Data Science Pipeline seen through liquor law vialations on College Campuses

This will be a tutorial on how to prepare data, perform exploratory analysis, and then properly analyze data through the data science cycle. But, we will be using data bout illegal activity on college campuses to do it.

The data set I have choosen to analyze is from the the US Department of Education Campus Safety and Security website. It was a direct download of multiple csv outlining illegal activity reports from college campuses in the DMV area from 2001-2015. I am only examining acredited four year Universities.

The sections will be divided as:

I. Data Curation, Parsing, and Management

II. Exploratory Data Analysis

III. Hypothesis testing and machine Learning

I. Data Curation, Parsing, and Management

Data curation, parsing, and management is the first step in the data science cycle. It is important to but the data in a format that can be used during analysis, is clean, and adheres to the tidy data principle. How can we gain insights from data if the data is messy, unorganized, and full of holes (NaNs)?

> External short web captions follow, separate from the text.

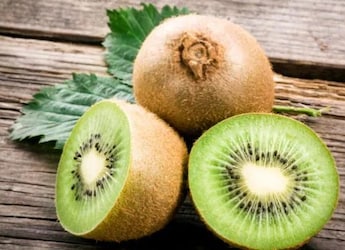 Can Eating Kiwi Hold The Secret To A Good Night's Sleep? A Nutritionist Weighs In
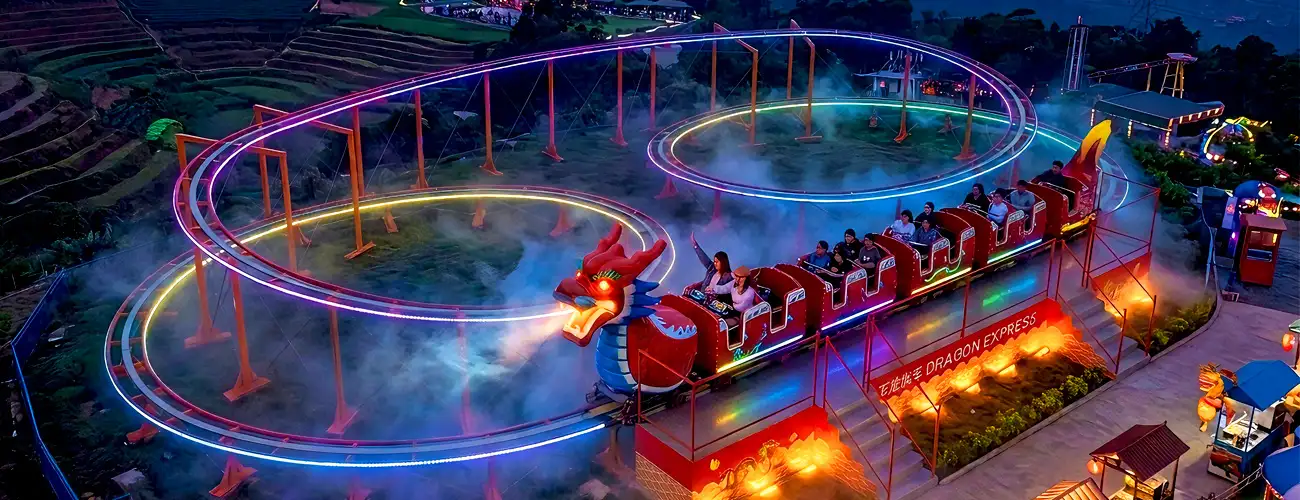 Аттракционы Дракон от Beston Rides могут быть оснащены яркой иллюминацией и захватывающими спецэффектами, создавая эффект полного погружения.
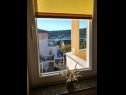 Apartmaji Antonija - fitness: SA1(2), A2(2+2), SA3(2+1), A4(2+2) Vinišće - Riviera Trogir  - Apartma - A4(2+2): pogled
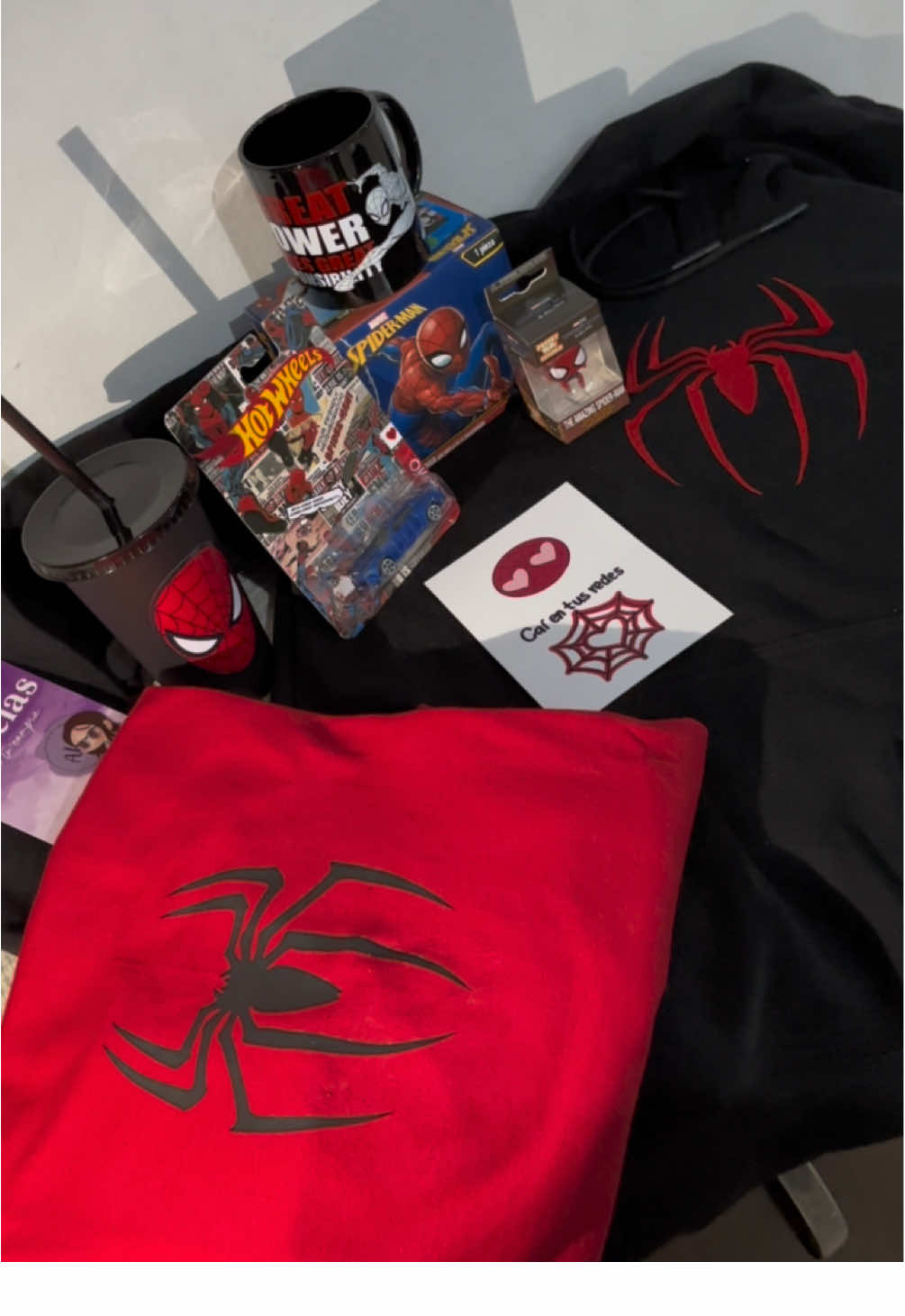 Y tu como armarias tu kit de spiderman?🕷️❤️ #regalospersonalizados #regalosnovios #spiderman #regalosnavidad #regalospiderman 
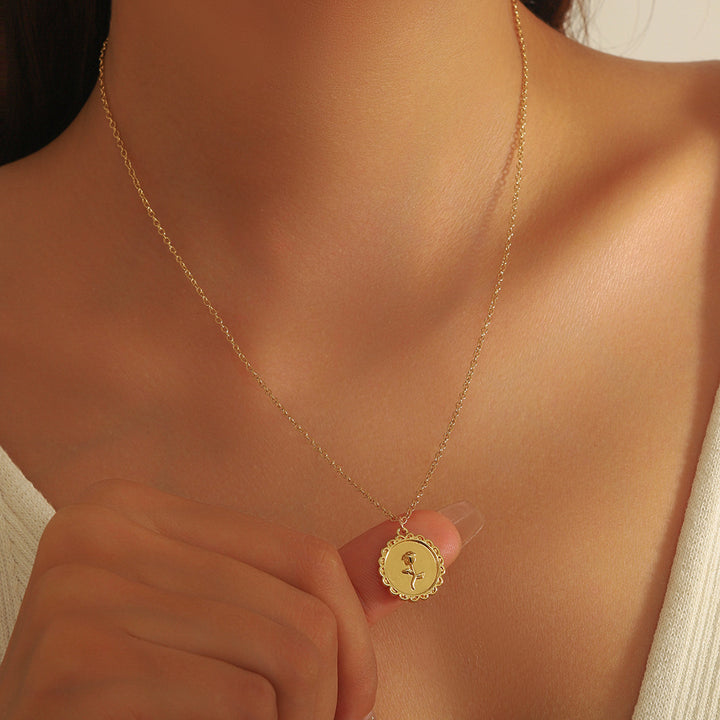 Chaîne de clavicule avec pendentif en forme de cœur rond et carré pour femme avec étiquette rose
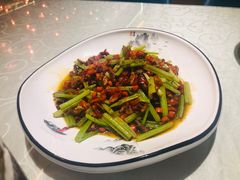 -小芙蓉湘菜馆(易生活购物公园店)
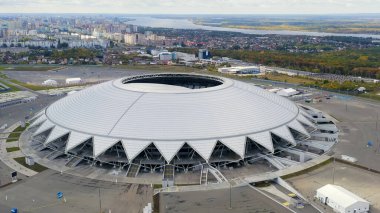 Samara, Rusya - 20 Eylül 2020 Samara Arena Stadyumu. Sonbahar bulutları, Hava Görünümü  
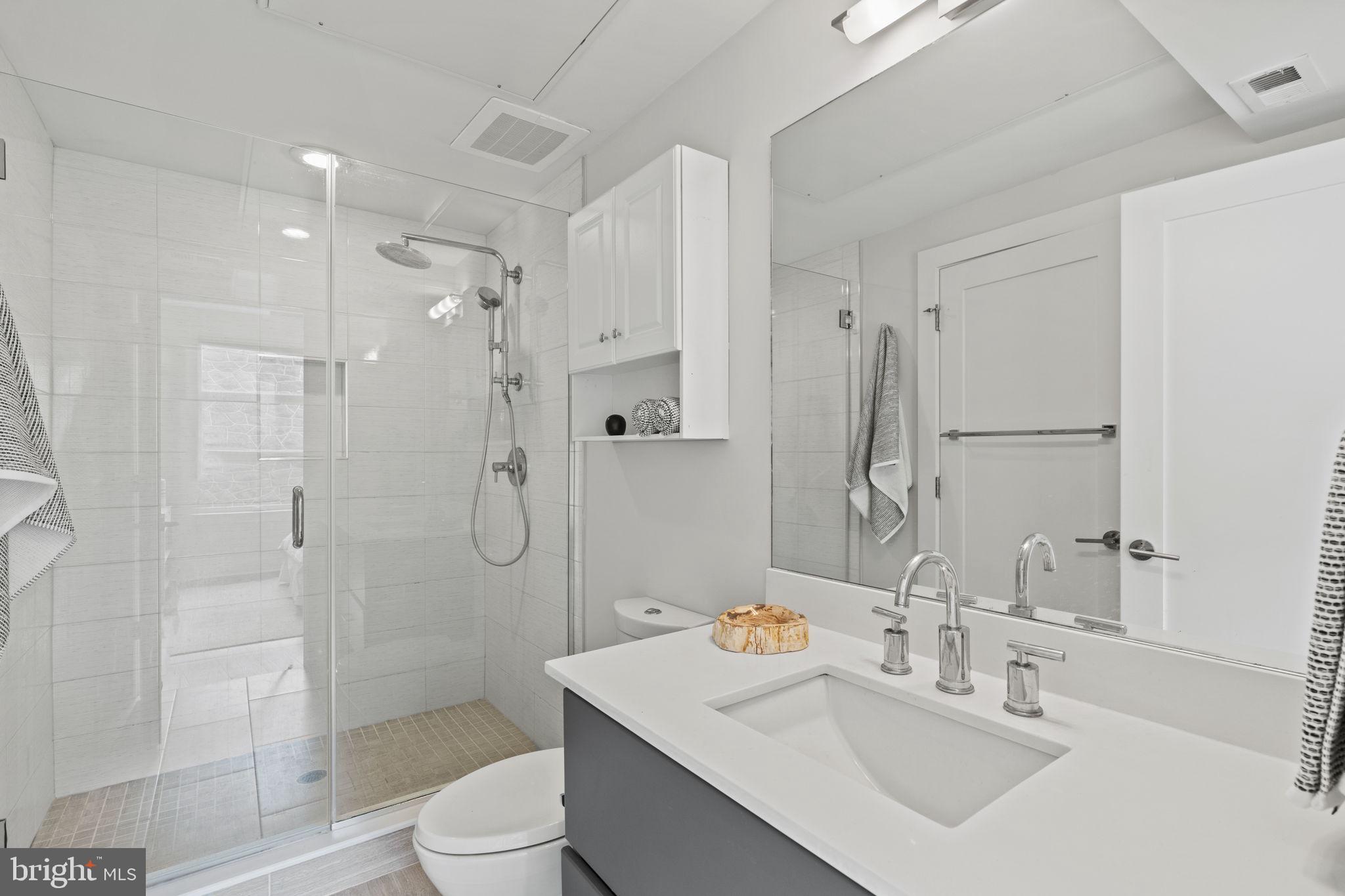 2337 Champlain St NW #105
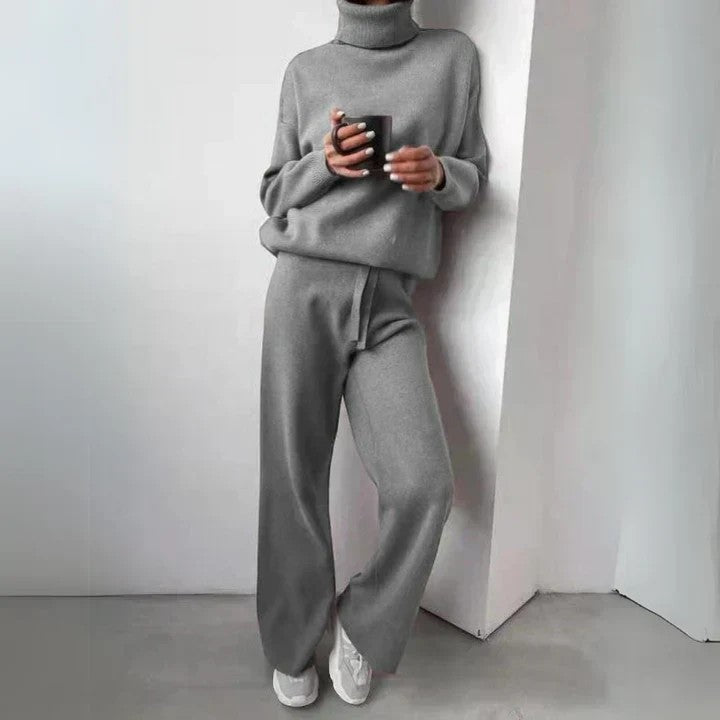 Damen Lounge-Set aus Strick – Rollkragen und Hose mit Kordelzug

I first dropped data points that did not have enough information in them. All data on sexual assaunt have only recently been made avaliable. So unfortunately, there was not enough data to use to make gain real insights, and those columns were dropped. I also dropped columns from two of the tables that appeared multiple times, that way when I joined there wouldn't be a bunch of columns repetitive columns. In addition, I organized columns so that they would make more sense when joined together.

I then merged all the tables by their Department of Education ID and Year.

In [69]:
import pandas as pd
arrests = pd.read_csv("Arrests_On_campus.csv")
criminal_offenses = pd.read_csv("Criminal_Offenses_On_campus.csv")
disciplinary_actions = pd.read_csv("Disciplinary_Actions_On_campus.csv")
#dropping unnecessary columns
arrests.drop(['Campus ID', ' Campus Name'], axis=1, inplace = True)
criminal_offenses.drop(['Campus ID', 'Rape', 'Fondling', 'Statutory rape', 'Incest',
                                           'Institution name', 'Institution Size'], axis=1, inplace = True)
disciplinary_actions.drop(['Institution name','Campus ID',' Campus Name', 'Institution Size'], axis=1, inplace=True)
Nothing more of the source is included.